Spec quality matters, but it depends on the size of the issue. For features, you want as much spec as you can muster. For a bug, a screenshot is fine. One thing I’ve found valuable: if there’s a technical challenge, having an agent research the problem before handing it off to the builder is a really good step. That’s fairly common in my workflow now.

As for where behavioral rules for agents live — I don’t want to think about minutiae like that. I tell the CEO how to adjust the behavior of the rest of the company, and the CEO handles it. That governance-through-delegation eventually turns into codified rules, but it starts as a conversation.

Cost and Control

I’m on the Claude Max plan, so I don’t think about token usage much. But giving a rough financial boundary keeps agents from spiraling out of control. The caps are preventative, not reactive. I haven’t actually hit diminishing returns on a single session yet. If I were going to set budget caps, it’d probably be per project. But I haven’t come across that need.

I did build a Frontend Evaluator agent specifically to pre-screen design before I see it. That came directly from reading an Anthropic engineering post about getting better frontend designs through a generator/evaluator process — an adversarial loop inspired by GANs. I wanted to replicate that behavior inside Paperclip. And it works. The designs come back better.

Baked into the rules is that agents provide screenshots of work in progress, so I can see what’s happening. If I don’t like a direction, it’s easy to interrupt and tell the agents to reevaluate.

Quality and Failure Modes

When an agent marks something done prematurely, I reopen and let them fix it. Canceling and reassigning doesn’t make sense — the context is already there.

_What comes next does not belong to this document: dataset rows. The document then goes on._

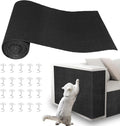 Cat Scratch Pad for Wall, Scratch Furniture Protector(78.7”×15.8”) | Cuttable and Adhesive Cat Scratching Mat, Fun Interactive Scratcher (Black) by Unknown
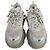 Baskets Balenciaga Triple S semelle transparente en polyester blanc Écru - vue 4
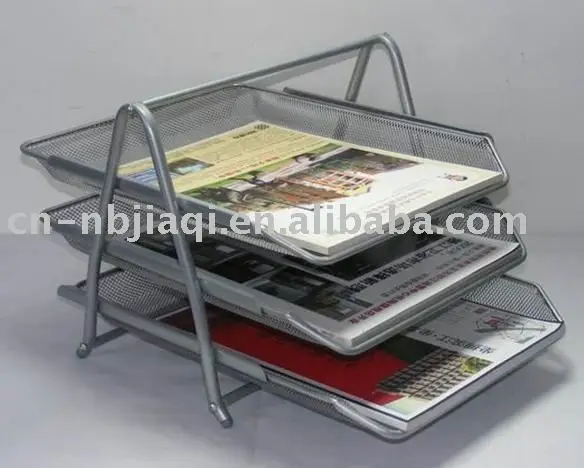 Office Mesh Desk Organizer with 3 layer Document Desk Organizer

One of my project briefs ends with “nobody thinks AI played a major role.” It’s a cue for the evaluator to keep in mind — it seems to help. But at the end of the day, I have over fifteen years of experience building software, and I’ve developed what I think is reasonable taste for good outcomes. I use my own judgment.

For the specific anti-patterns, there are already Claude skills out there — like frontend design guides — that document common “AI slop” patterns. You just point the agent at those and say don’t do these things.

The Bigger Picture

I’ve given agents real infrastructure — email inboxes, webhooks, Cloudflare workers, QStash. Most people just prompt into a chat window. What shifted my thinking was practical: I wanted to move away from the free but limited cron-job.org service I was using for webhooks onto something more professional. Claude recommended QStash. So I tasked my agent to open an account, and it did all the work — getting the right tokens, configuring the service. I didn’t have to do anything but prompt an agent.

That was only possible because I’d given Andy a real email address. Once agents have real infrastructure — email, API keys, service accounts — they stop being chat windows and start being actual team members.

When a platform feature is missing, I try to work around it first. If the workaround feels fragile, I start to wonder if it’s a bigger problem that could be solved with a feature. But I’m aware my needs might be one-offs best served as plugins. Luckily, Paperclip makes it easy to build plugins. I think plugin-first, upstream-if-broadly-useful.

Across my projects, I’ve closed hundreds of issues — most built by agents. One of those projects is Picket, an e-commerce platform for farms and local food producers that I’m building largely this way; the same agentic workflow took its test suite from zero to 475 tests in a day. Another is the ops app for my microgreen operation, which went from a plain-language spec to a deployed product in seven phases. It’s real software serving real customers, and the majority of the codebase was written by agents managed through Paperclip. But I’m still driving a hundred percent of the time. I pass off implementation to agents, and it’s working out. But the vision, the priorities, the judgment calls — those are mine.